At act 500, a film stack is formed on a substrate and at least two recesses in the substrate adjacent to the film stack. In some embodiments, the two recesses are formed at the same side of the film stack. In some embodiments, the film stack is a dummy gate stack and is subsequently replaced with a metal gate structure (act 512). In other embodiments, the film stack is a functional gate stack such as a polysilicon gate stack or a metal gate stack. In some embodiments, the substrate is a substrate with nanowires.
At act 502, a blocking wall is formed between the recesses.
At act 503, a liner layer is formed on bottoms of the recesses. Act 503 is optional and may be omitted as need. In some embodiments, when act 503 is omitted from the method, the subsequently formed stained layers are in direct contact with fins protruding from the substrate. In some embodiments, act 503 may be performed after act 500 of forming the recesses and before act 502 of forming the blocking wall, as shown in
At act 504, strained layers are formed from the recesses, wherein portions of the strained layers are grown along the sidewall of the blocking wall.
At act 506, the blocking wall is removed after forming the strained layers.
At act 508, a contact etch stop layer over the strained layers.
At act 510, an interlayer dielectric layer is formed over the contact etch stop layer.
At act 512, the film stack is replaced with a metal gate structure. In some embodiments, the metal gate structure is a GAA structure.
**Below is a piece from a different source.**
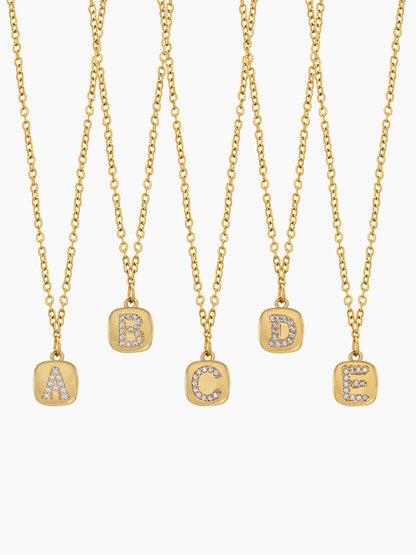 Customized Diamond Studded Initial 18K Gold Plated Letter - A Women's Chain Pendant Necklace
The structures of the disclosure are illustrated below. In some embodiments, a semiconductor device 200 includes a substrate 202, a first stack of semiconductor nanosheets (e.g., 216), a second stack of semiconductor nanosheets (e.g., 216), a gate structure 260, a first strained layer (e.g., 240b), a second strained layer (e.g., 240c) and a blocking wall (e.g., BW2). The substrate 202 includes a first fin (e.g., 203b) and a second fin (e.g., 203c) separated by an insulating region 222. The first stack of semiconductor nanosheets (e.g., 216) is disposed on the first fin (e.g., 203b). The second stack of semiconductor nanosheets (e.g., 216) disposed on the second fin (e.g., 203c). The gate structure 260 wraps the first and second stacks of semiconductor nanosheets (e.g., 216). The first strained layer (e.g., 240b) is disposed on the first fin (e.g., 203b) and abuts the first stack of semiconductor nanosheets (e.g., 216). The second strained layer (e.g., 240c) is disposed on the second fin (e.g., 203c) and abuts the second stack of semiconductor nanosheets (e.g., 216). The blocking wall (e.g., BW2) is disposed on the insulating region 222 and located between the first and second strained layers (e.g., 240b and 240c). The top surface BWt of the blocking wall (e.g., BW2) is higher than the top surface 240t of the first strained layer or the second strained layer (e.g., 240b or 240c).
In some embodiments, a bottom surface BWb of the first blocking wall (e.g., BW2) is higher than a top surface 240t of the first fin or the second fin (e.g., 203b or 203c).
In some embodiments, a first contact area (e.g., A2) between the first blocking wall and the first strained layer is different from a contact area (e.g., A3) between the first blocking wall and the second strained layer. In some embodiments, a first contact area (e.g., A2) between the first blocking wall and the first strained layer is substantially the same with a contact area (e.g., A3) between the first blocking wall and the second strained layer.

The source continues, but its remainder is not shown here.